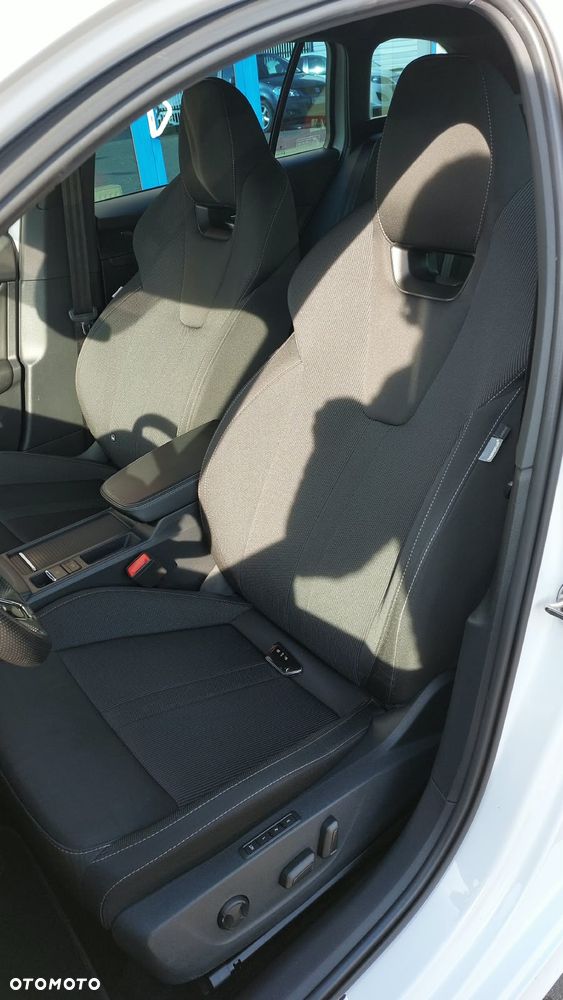 Skoda Octavia 2.0 TDI 4x4 Style DSG - 17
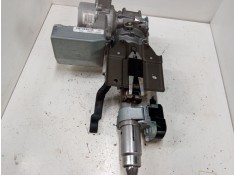 Recambio de columna direccion electrica para ford ecosport 1.0 ecoboost referencia OEM IAM GN153D071GE   2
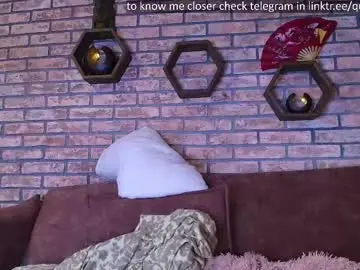 Chaturbate Adult Webcams of ommnia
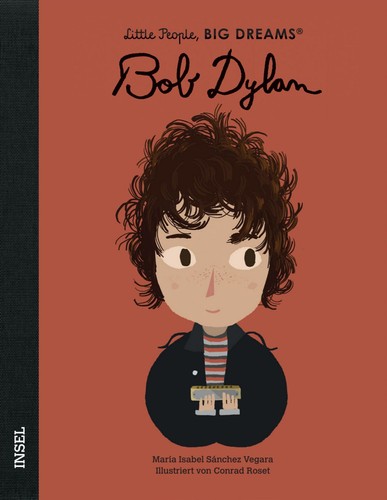 Bob dylan little - dylan, –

★ ★ ★ ★

Exercise -
Restate, word for word, all of the material above, leaving out the images.

Reply -
 Skoda Octavia 2.0 TDI 4x4 Style DSG - 17
 Recambio de columna direccion electrica para ford ecosport 1.0 ecoboost referencia OEM IAM GN153D071GE   2
 Chaturbate Adult Webcams of ommnia
 Bob dylan little - dylan, –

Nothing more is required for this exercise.